Stored data:
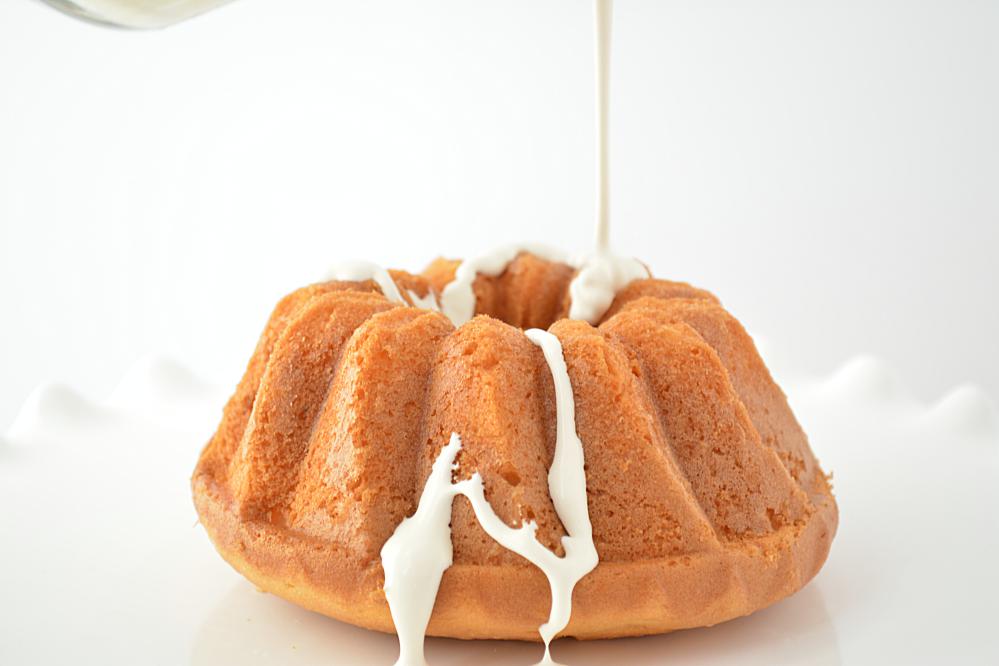 bundt cake drizzle2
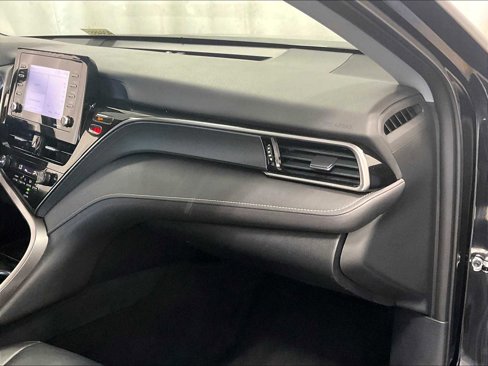 Used 2023 Toyota Camry SE image 13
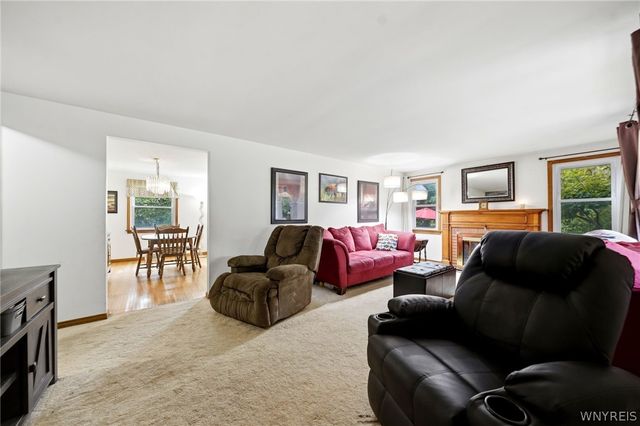 5955 Dover Road, Hamburg, NY 14085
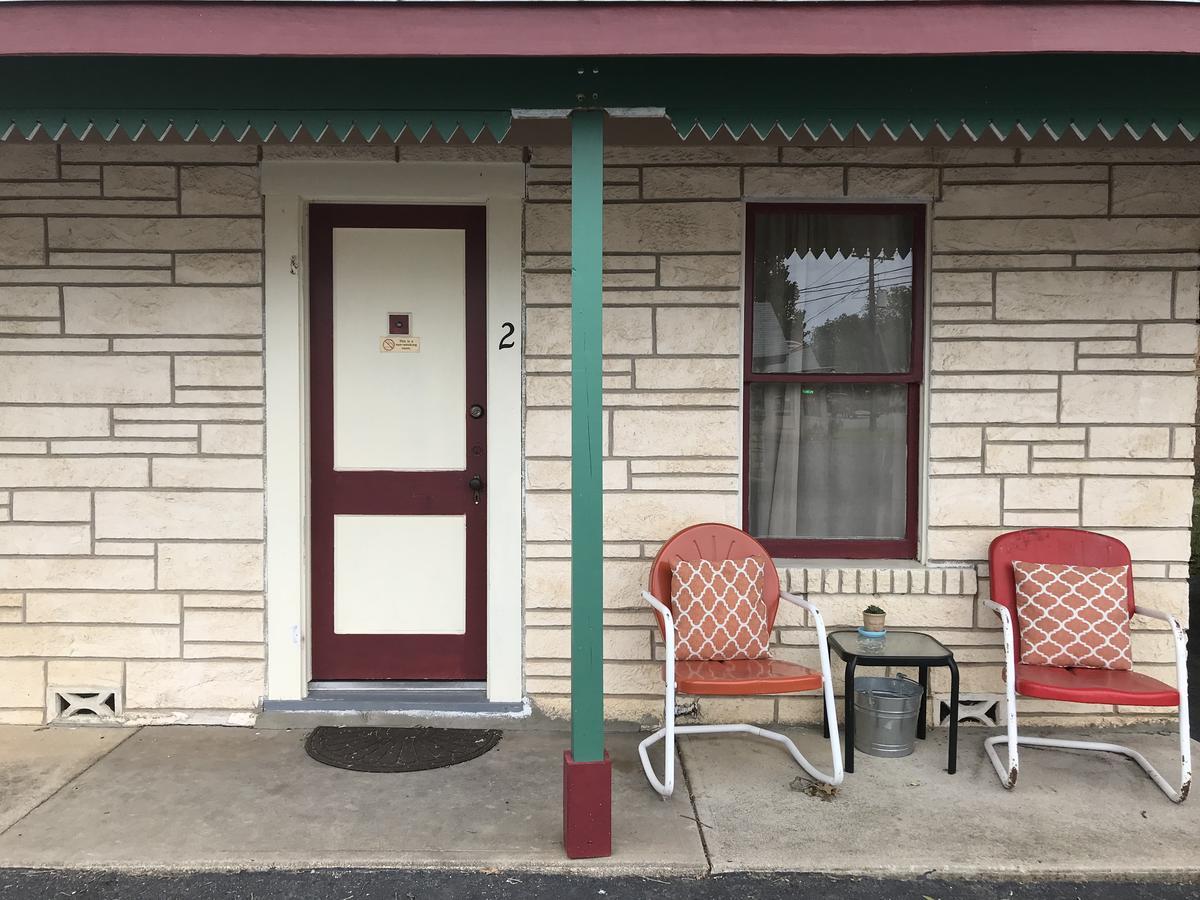 Kitsmiller On Main Motel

Aim of the task:
The lines needed are those from the one containing "Used 2023 Toyota Camry SE image 13" through the end of the listing, given again word for word and without any picture.

Answer space:
 Used 2023 Toyota Camry SE image 13
 5955 Dover Road, Hamburg, NY 14085
 Kitsmiller On Main Motel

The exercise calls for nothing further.